§ **Task prompt**
Beneath this task are records; print exactly the stretch of them from the line with "Éjjeli asztal 2" through the line with "Façade, le Théâtre", both ends included.

§ **Entries supplied**
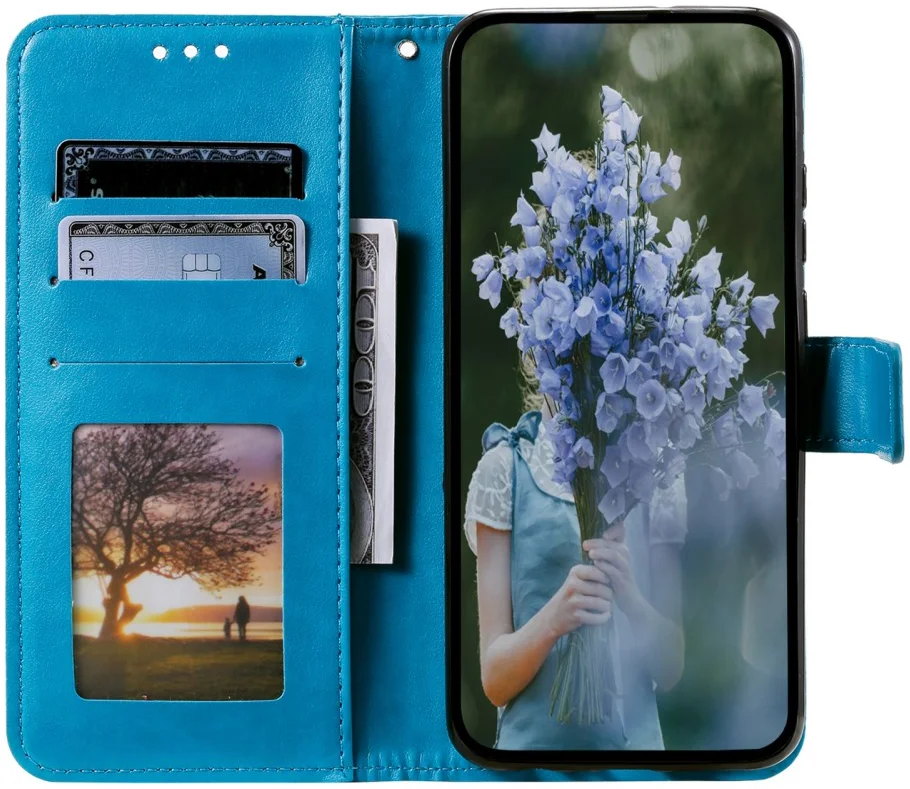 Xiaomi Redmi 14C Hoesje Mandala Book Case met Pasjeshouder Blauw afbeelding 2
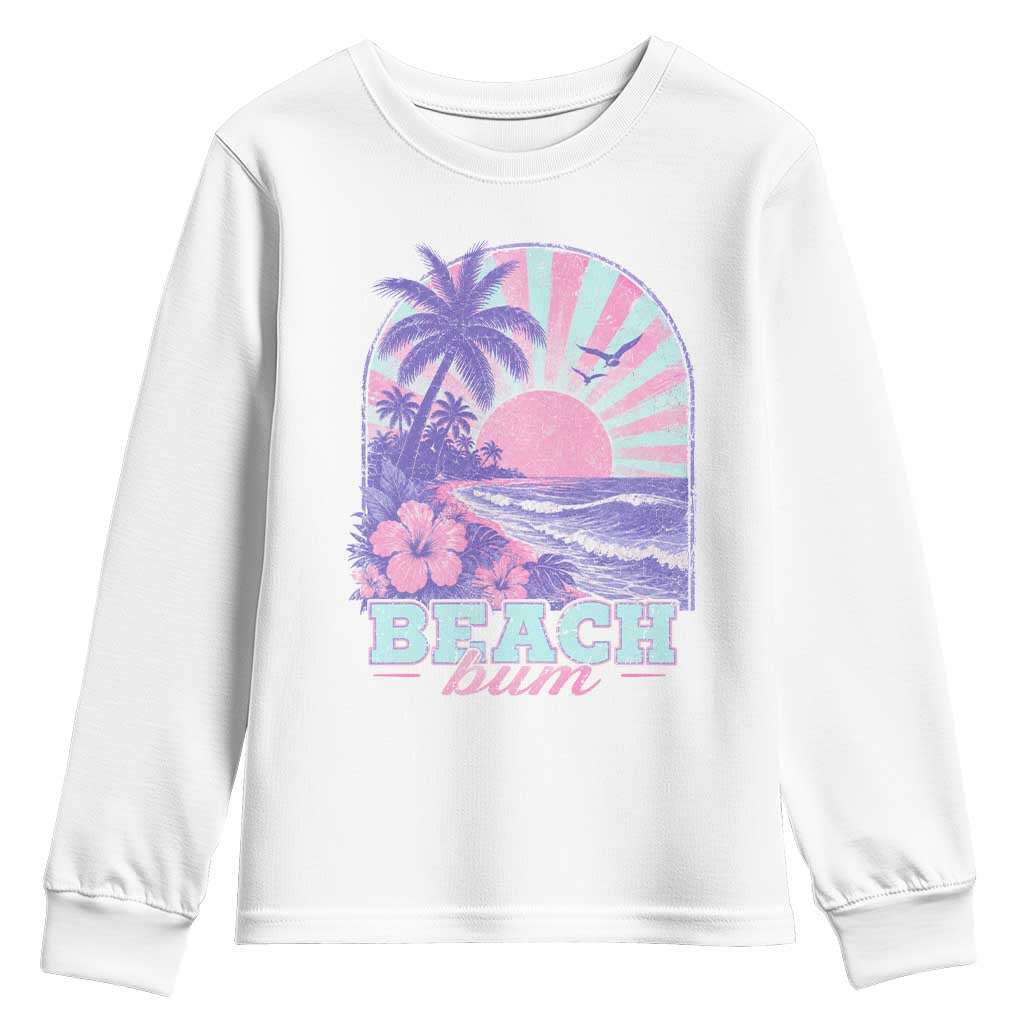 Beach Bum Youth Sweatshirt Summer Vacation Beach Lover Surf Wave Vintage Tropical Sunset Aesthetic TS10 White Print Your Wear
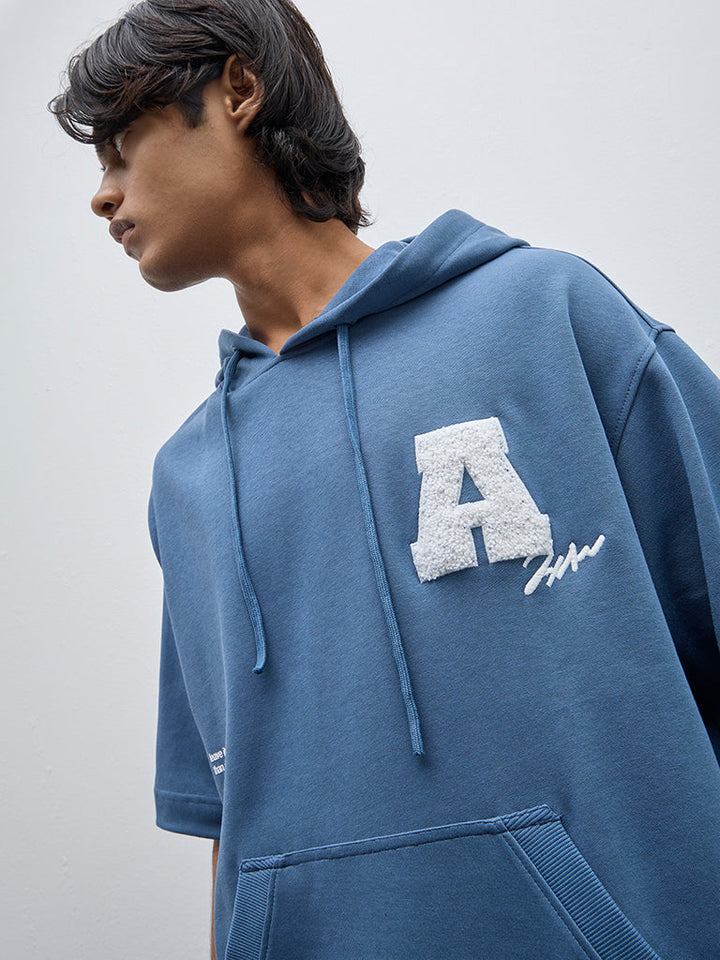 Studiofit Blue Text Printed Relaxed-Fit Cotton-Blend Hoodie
---
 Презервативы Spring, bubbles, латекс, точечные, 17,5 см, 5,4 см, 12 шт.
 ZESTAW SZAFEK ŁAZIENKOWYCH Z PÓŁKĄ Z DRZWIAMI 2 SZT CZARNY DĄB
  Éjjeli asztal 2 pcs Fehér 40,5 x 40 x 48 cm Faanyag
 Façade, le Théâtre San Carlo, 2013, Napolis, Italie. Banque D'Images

§ **Answer to this problem**
  Éjjeli asztal 2 pcs Fehér 40,5 x 40 x 48 cm Faanyag
 Façade, le Théâtre San Carlo, 2013, Napolis, Italie. Banque D'Images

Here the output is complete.